MATTAWA, Grant County - Prospectors are buying up natural-gas rights throughout Central Washington.
They are focusing on three areas: Saddle Mountain near Mattawa, Whiskey Dick Mountain west of Ellensburg and the Rattlesnake Hills north of Prosser, Benton County.
They believe the Columbia River Basin could yield multimillion-dollar gas fields. Companies from around the nation are bidding for mineral rights on federal, state and private lands throughout the region.
"The fur's flying," said Beverly Heaverlo of Moxee City, Yakima County, who owns an oil and gas consulting business, Brewer Energy.
The surging price and anticipated demand for gas is fueling the interest.
Natural-gas prices have escalated from their low in 1988, when it traded for 88 cents per 1,000 cubic feet. Lately prices are trading between $2.60 to $3 per 1,000 cubic feet, said Clay Riding of Puget Sound Energy in Bellevue.
Companies believe Central Washington may be one of the largest oil and gas frontiers in the Lower 48.
Geologists long have suspected the Columbia Basin's thick mantle of basalt trapped huge natural-gas fields. But the rock is so hard and so deep that few drills have been able to punch through.
In the 1950s, Standard Oil drilled 10,655 feet into the Rattlesnake Hills before giving up.
In 1984, Shell Oil found large volumes of gas after shattering a drilling record of 17,518 feet into Saddle Mountain. But the energy giant said the gas wasn't commercially viable.
Exploration halted by 1989, a victim of low prices and high drilling costs. Companies that had paid millions of dollars for mineral rights left the area. Now they're coming back.
"It's time to make hole," Heaverlo said.
Earlier this year, a pair of out-of-state companies leased mineral rights to 30,000 acres of federal land in Yakima, Grant and Benton counties for $117,000.
"Usually, we don't sell anything," said Donna Kauffman, a land law examiner for the Bureau of Land Management, which leases federal land.
In October, Burlington Resources of Houston auctioned off an estimated 154,000 acres in Kittitas, Grant, Yakima and Benton counties.
And the state Department of Natural Resources (DNR) has received 20 applications for mineral rights to about 10,000 acres in Eastern Washington.
"A lot of people are watching what is going on here in Washington state," said Ellis Vonheeder, a DNR program specialist. "We're a frontier state."
Bill Lingley, a state geologist, has been studying the area for more than 30 years.
"All the geological ingredients in the Columbia Basin are in place," he said from his Olympia office. "Eventually, significant gas discoveries will be made in the Columbia River Basin."

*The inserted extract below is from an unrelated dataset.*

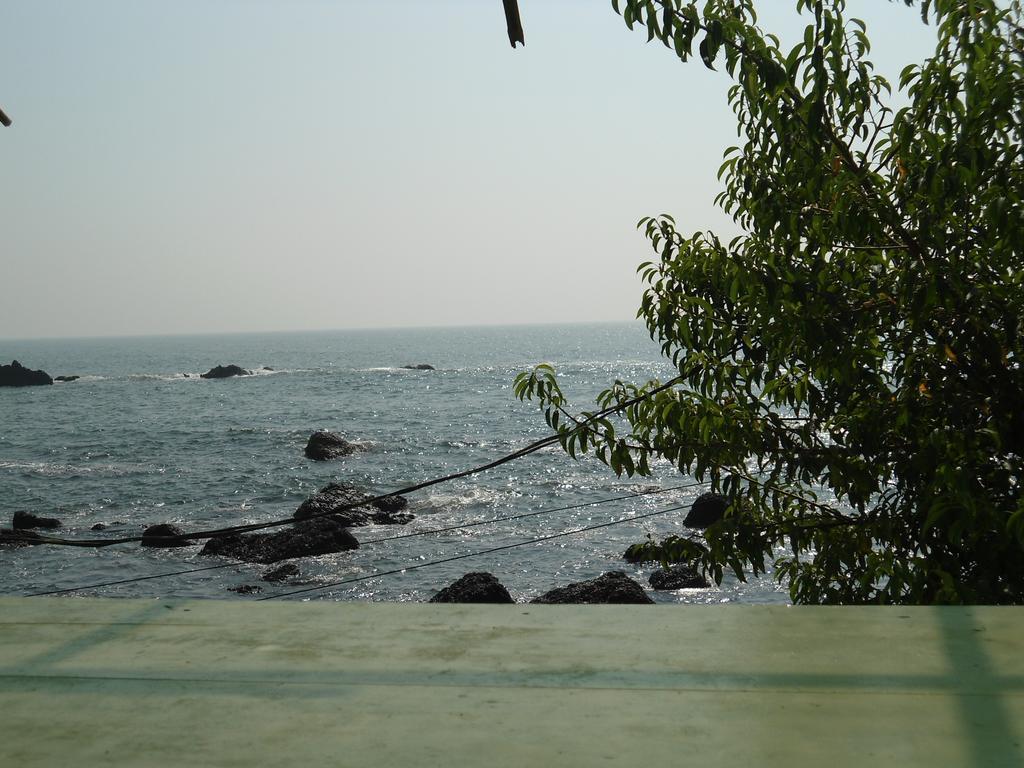Отель Arambol Hospitality Red Rock Экстерьер фото
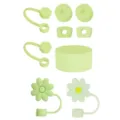 Primo piano accessori per bicchieri in silicone, copripaglia verdi e tappi a margherita. - 9 Pezzi / Set Verde A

Geographic basins filled with sandstone, claystone and coal always have some potential for natural gas, Lingley said. Geologists look for familiar structures in the landscape, folds and domes in the earth's shallow crust.
"Whenever I get an oil and gas company in," Lingley said, "I show them these folds. You can watch their eyes just pop out."
Fewer than two dozen significant wells have been drilled in the Columbia River Basin over 20 years.